In interviews today, far-right leader Mr Jean-Marie Le Pen said he was confident of becoming France's next president.
He insisted that despite polls which give him between 20 and 26 per cent of the vote, he still had a chance of winning on Sunday because France's whole political system had been destabilised by his first round victory.
"I have said I would regard 30 percent as a real defeat. Between 30 and 40 per cent would be a very honourable defeat with serious hopes for the future," he said.
> With only six days to go to the presidential run-off against President Mr Jacques Chirac, the 73-year-old National Front (FN) leader is relishing the attention of a national press that normally ignores him.
But election rules oblige the press to give Mr Le Pen as much time as his rival.
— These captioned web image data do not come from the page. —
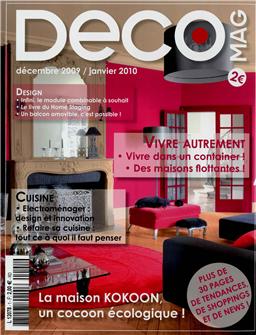 Deco mag (Decorating magazine)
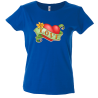 Camiseta mujer corazón love
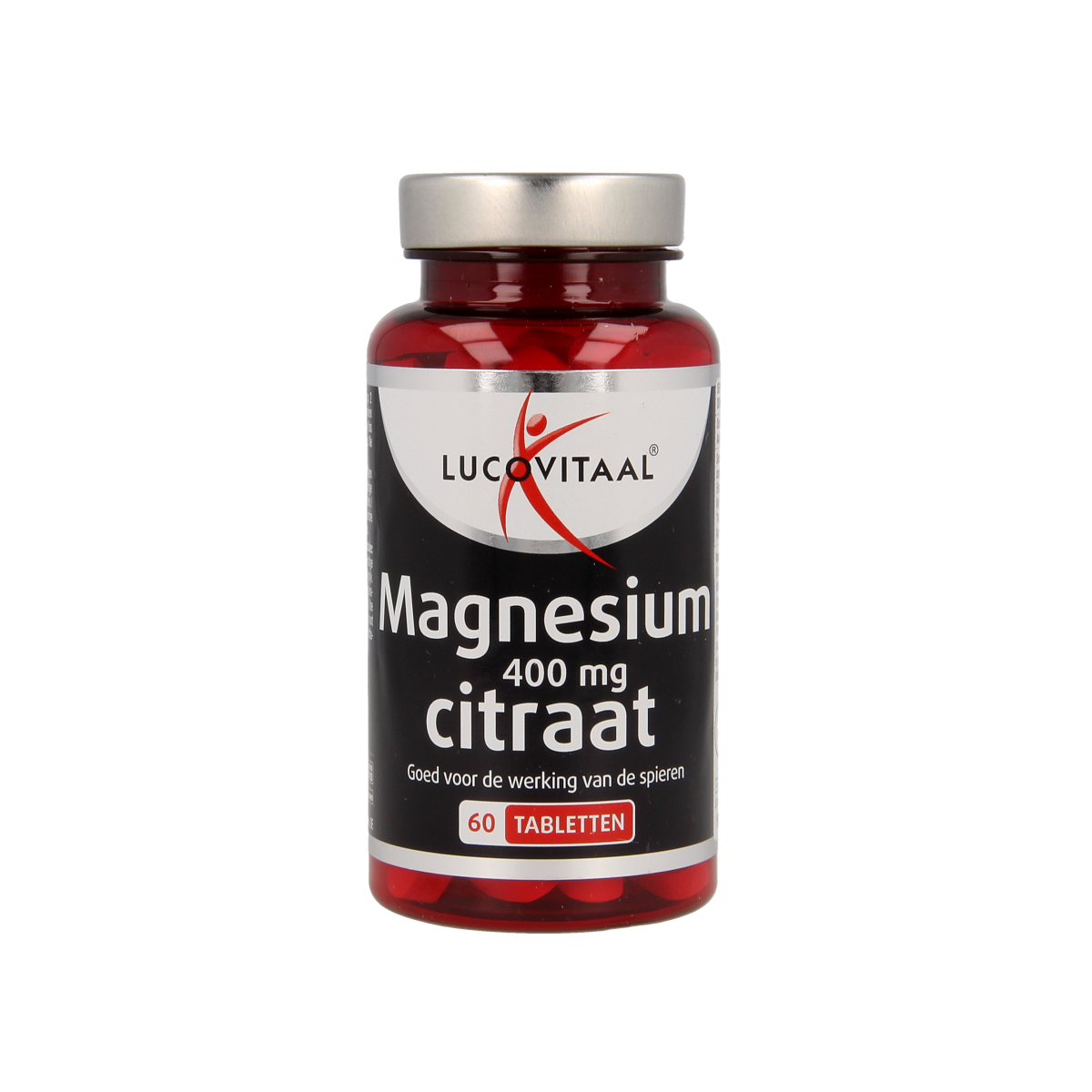 Lucovitaal Magnesium citraat 400mg 60.00 Tabletten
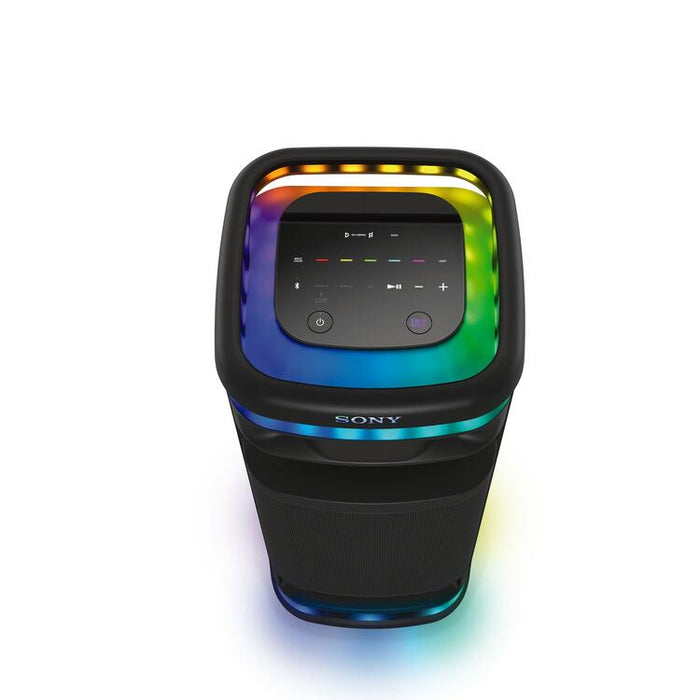 Sony ULT Tower 10 | Wired speaker - Bluetooth - Massive bass - Karaoke - Black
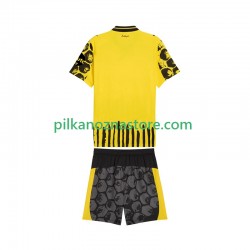 Borussia Dortmund dla Dzieci FIFA CWC Koszulka Domowy 2025 Krótkie Rękawy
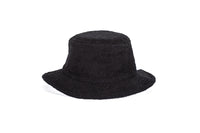Black Narrow Brim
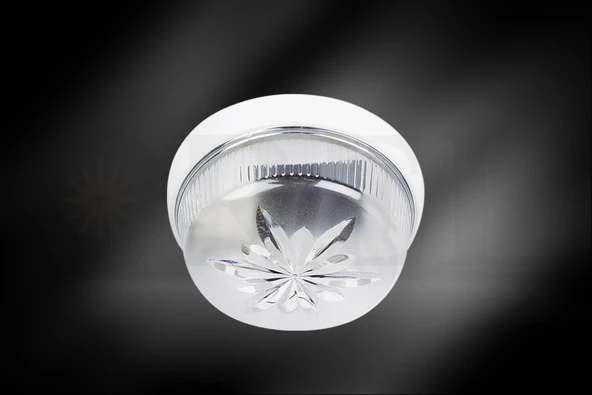 OREL YAPRAK GLOP TAVAN ARMATÜRÜ ürün görseli 1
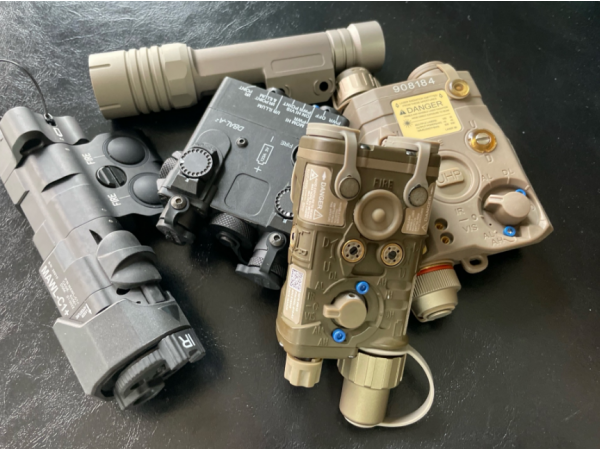 T Limited PreOrder DIJIA Airsoft L3 NGAL Laser and Light ( 2025 LV C Ver.  )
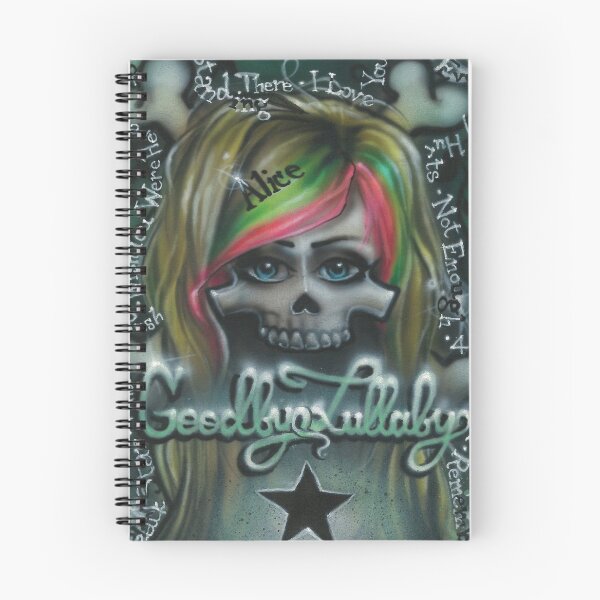 Item preview, Avril Lavgine-Goodbye Lullaby designed and sold by Nikki-Nu.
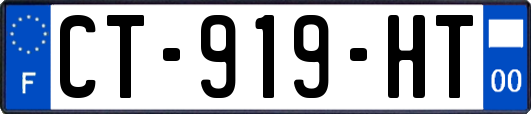 CT-919-HT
"All the forces of the French establishment are coming together, hand in hand. The [employers' federation] Medef and the Communist Party, Monsignor Lustiger [Archbishop of Paris] and the masonic lodges. . . . It's unanimity thanks to Le Pen," he said.
"Members of the union of the privileged are all in league. . . . Only the people are on my side," the FN leader said.
Mr Le Pen stunned France eight days ago when he won through to the second round of the country's presidential election, beating Socialist Prime Minister Mr Lionel Jospin into third place. He faces the 69 year-old Chirac in the decider on Sunday.
Mr Le Pen also spoke of his admiration for British former prime minister Margaret Thatcher and US former president Ronald Reagan for taking on and humbling their countries' trade unions.
In Ouest-Francenewspaper, Mr Le Pen denied charges that he was a racist.
"When I hear the slogans, 'Le Pen racist or xenophobe,' I want to laugh. It is true that I say, 'I love my daughters better than my nieces, and my nieces better than my cousins, and my cousins better than my neighbours.' But I never said I hated my neighbours!" he said.